[Cryptography] crypto hygiene for keys, pads, et cetera
John Denker
jsd at av8n.com
Sat Dec 12 14:06:55 EST 2015
On 12/04/2015 08:35 AM, Henry Baker wrote:
> Dear Mr. Comey, Mr. Vance, Ms. May, at al:
>
> The one-time pad is approximately 100 years old,
> and provides perfect secrecy
In a sense that's entirely true, but in another sense it is profoundly
wrong.
> (so long as you don't reuse the key material).
That's an important proviso, but not the only proviso. Much depends
on details of the threat model.
-- Stand-off attacks against the communication channel only?

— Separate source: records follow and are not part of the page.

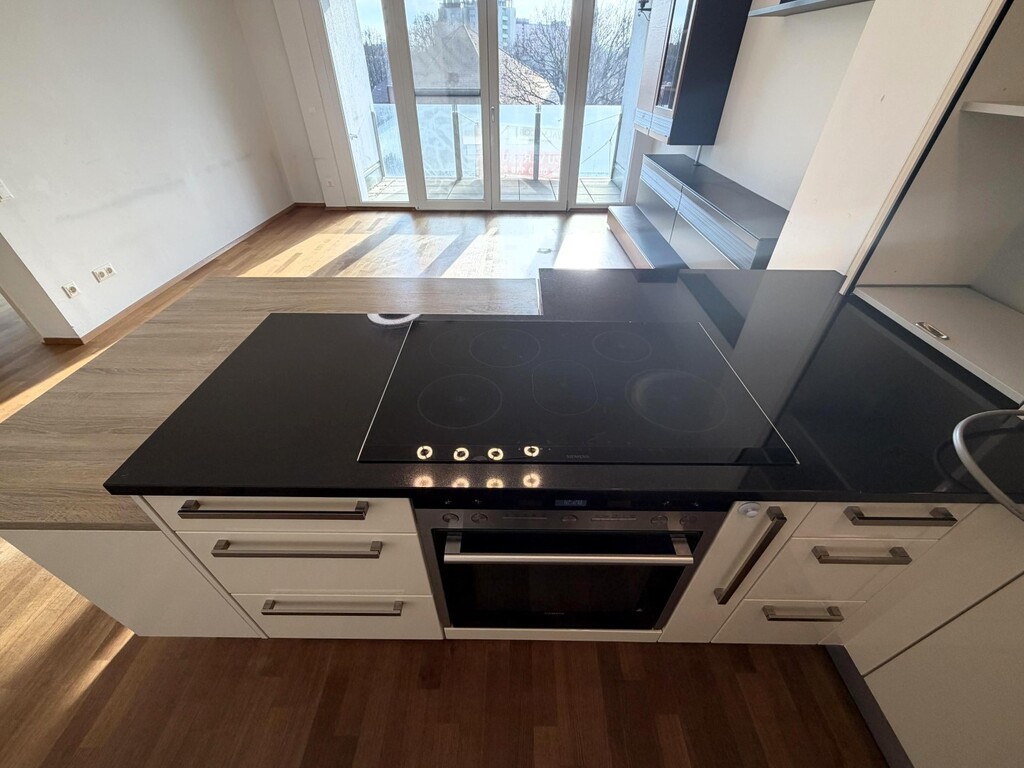 Wohn-/Essküche/Detail-Kochherd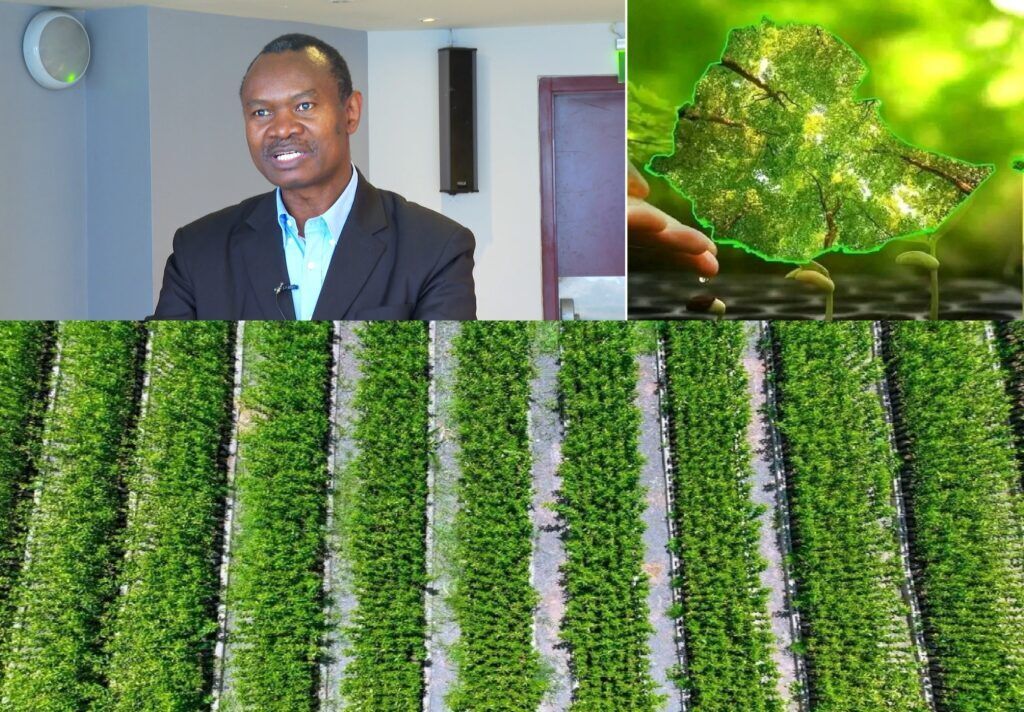 Ethiopia’s Groundbreaking Green Legacy Initiative: A Blueprint for Sustainable Development Through Inclusive Climate Action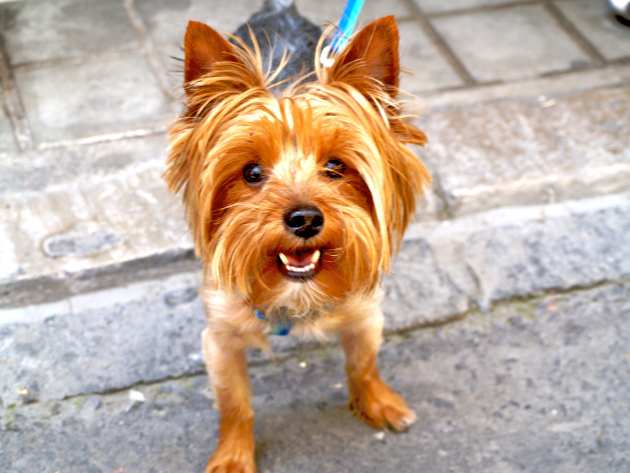 Photos du Yorkshire Terrier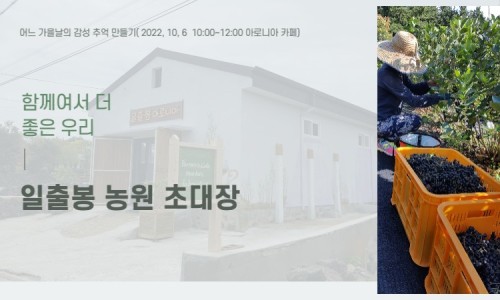 일출봉아로니아 이미지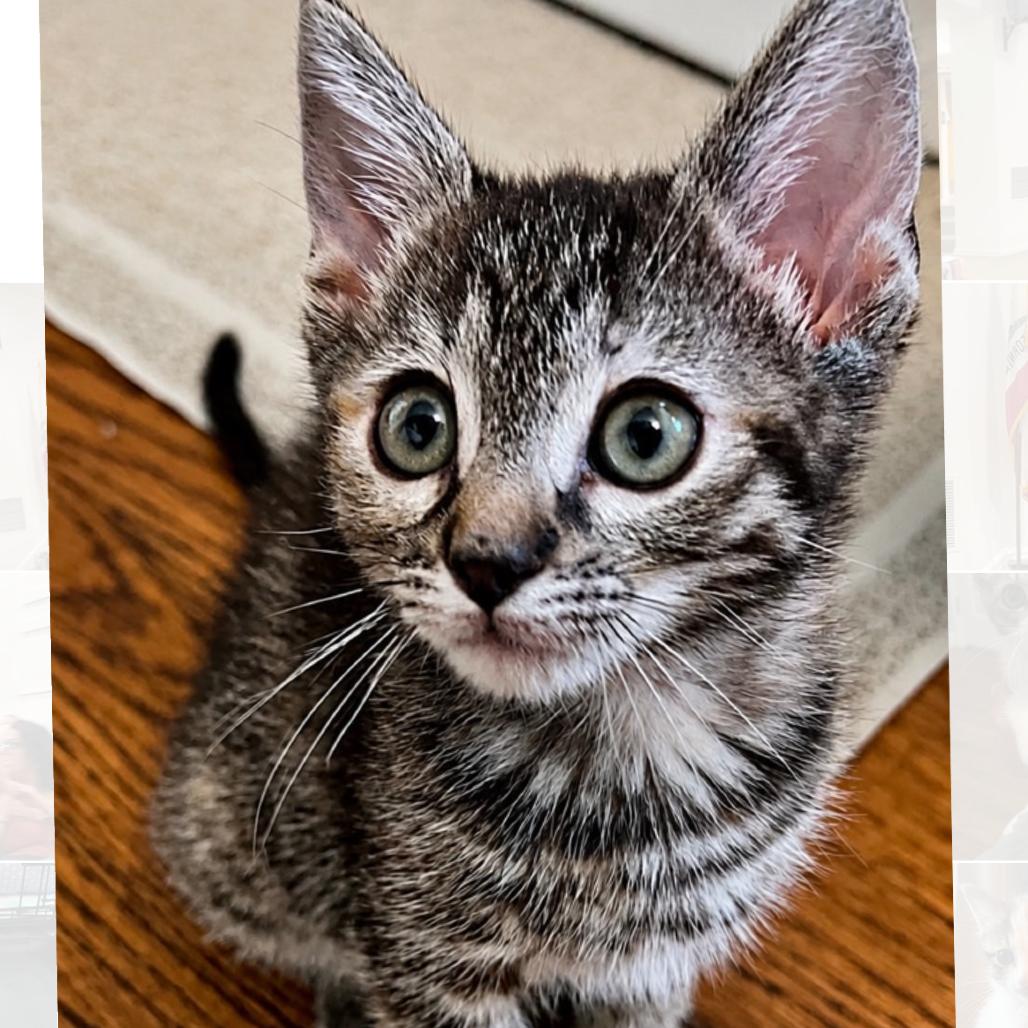 Enlarge Mrs. Meyers, a Adoptable Domestic Short Hair in Westminster, CA image 3/3
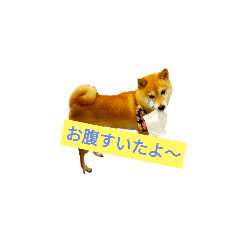ringo_20220710235217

-- Attacks that capture the pad (and the user)?
> Here's the program [....]
Here's problem #1: If you were to use that program "as-is", it would
flunk the silk-or-cyanide test. It implements the encode and decode
functionality, but fails to implement the /one-time/ property.
Here's problem #2: It is quite nontrivial to fix problem #1.

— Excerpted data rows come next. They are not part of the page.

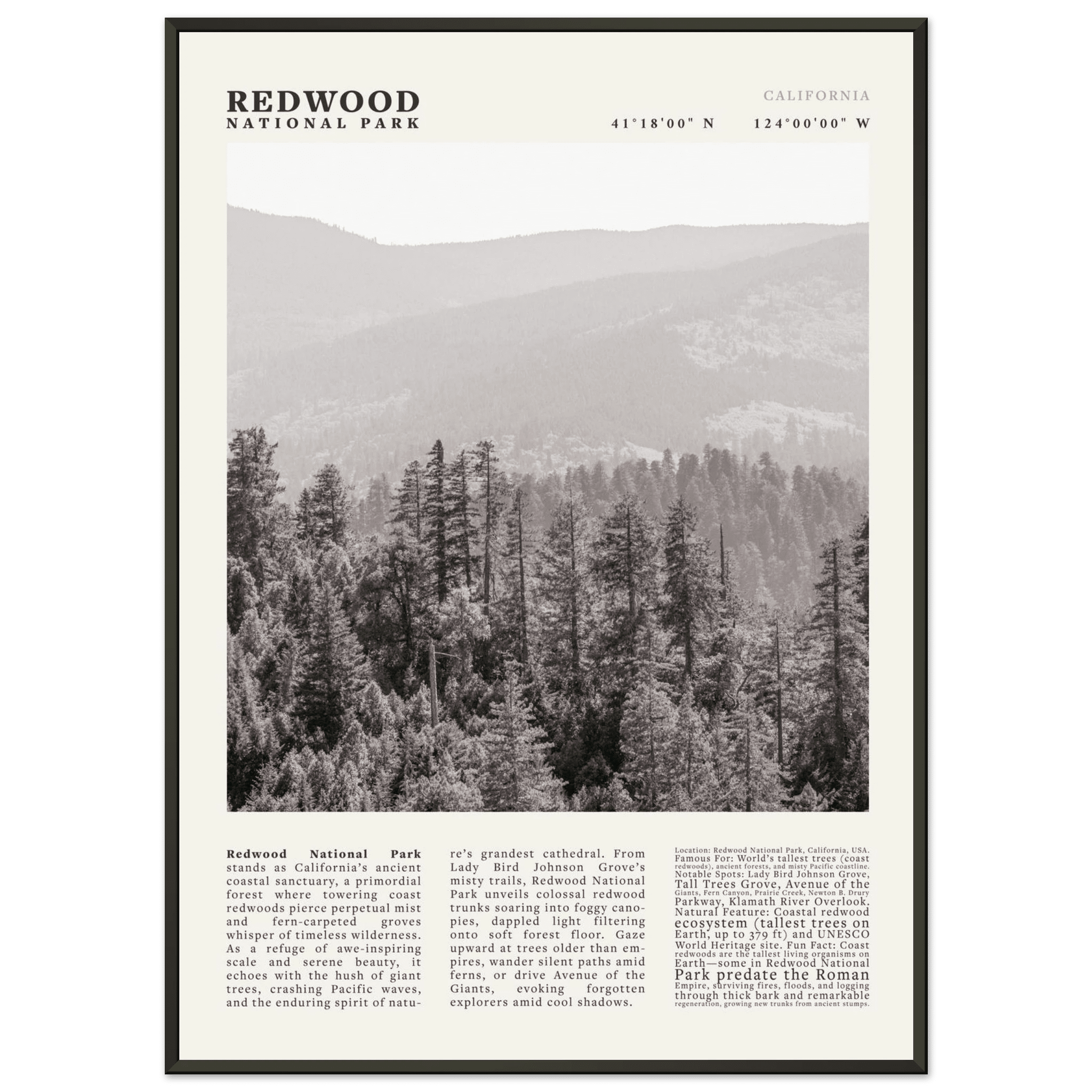 Redwood National Park Poster Black and White – Vintage Foggy Redwood Forest Print - Evergreen Posters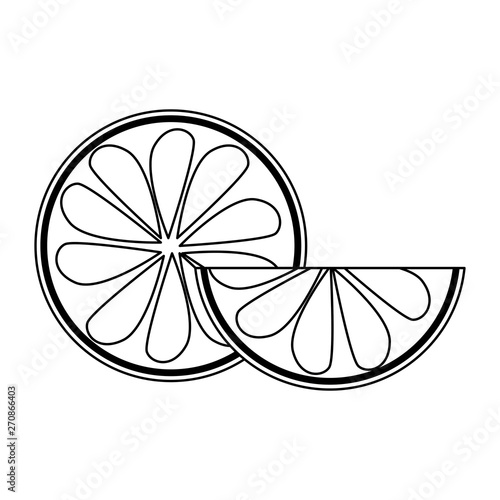 Orange slices fruits isolated cartoon in black and white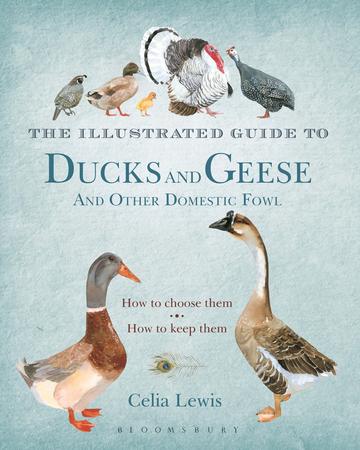 The Illustrated Guide to Ducks and Geese 
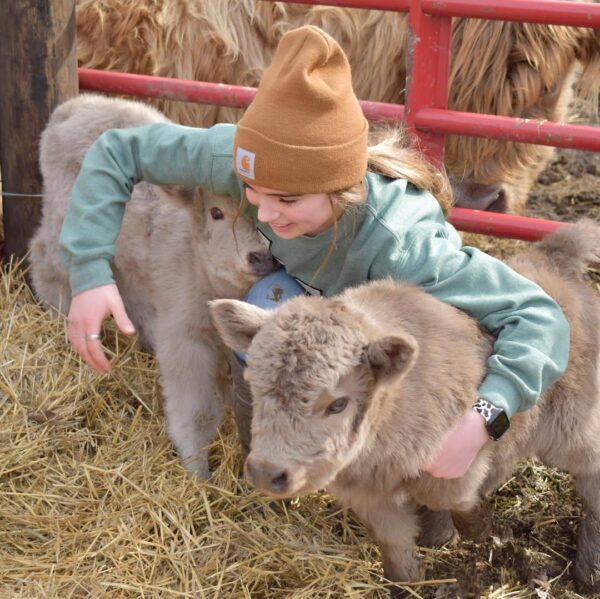 mini highland cow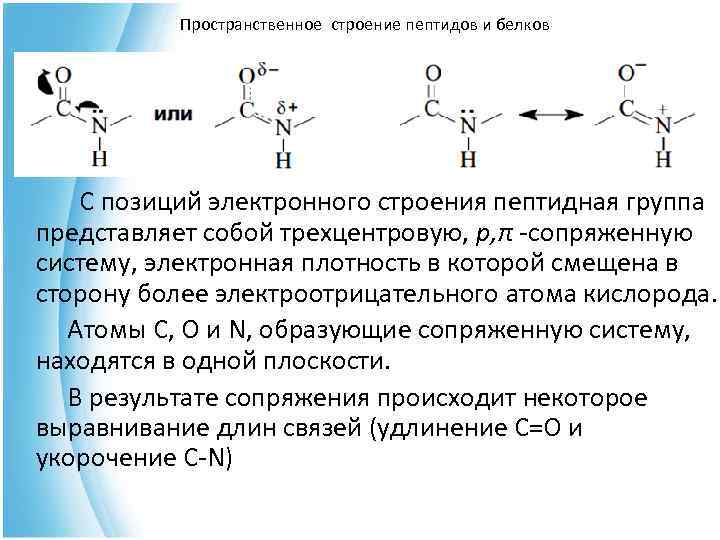 Структура пептидной связи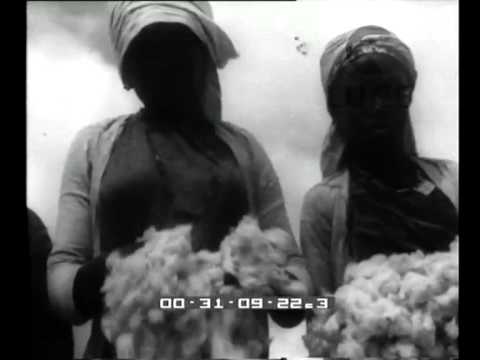 Villaggio duca degli Abruzzi- coltivazione del cotone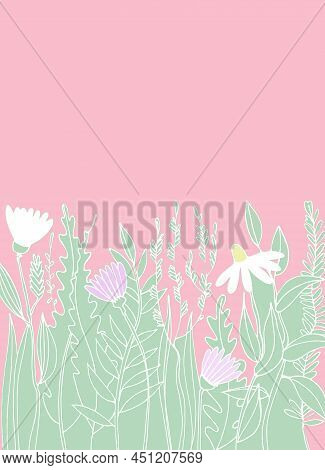 Pre Made Template With Meadow Flower. Summer Concept.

As the saying goes, encryption is easy, but security is hard. The
XOR program is fine if all you need is encryption/decryption, but
it is vastly harder to implement a true OTP system that ensures
that the pad is used only once.
Here is a discussion of what can go wrong ... plus some possibly-
constructive suggestions on how to obliterate information stored
on flash memory chips.
https://www.av8n.com/security/private-data-storage.htm
=============================
On 12/11/2015 10:03 AM, Henry Baker wrote:
> I'm going to be giving a technical talk on
> crypto to non-crypto people. [....] Any advice?
I would start with the point mentioned above: Encryption is easy,
but security is hard. Real security depends on mathematics, physics,
electrical engineering, computer programming, human factors, et cetera.
This should be flattering to the multidisciplinary audience.
> Diffie Hellman
For a general audience, one might consider presenting Merkle Puzzles
rather than full-blown DH. It requires a lot less mathematics.